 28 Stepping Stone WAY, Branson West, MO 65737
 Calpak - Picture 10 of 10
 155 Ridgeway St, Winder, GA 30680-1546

*What this task involves*
Could you set down exactly the lines above, from the one containing "Calpak - Picture 10 of 10" through the last, including both and nothing else?

*Exercise result*
 Calpak - Picture 10 of 10
 155 Ridgeway St, Winder, GA 30680-1546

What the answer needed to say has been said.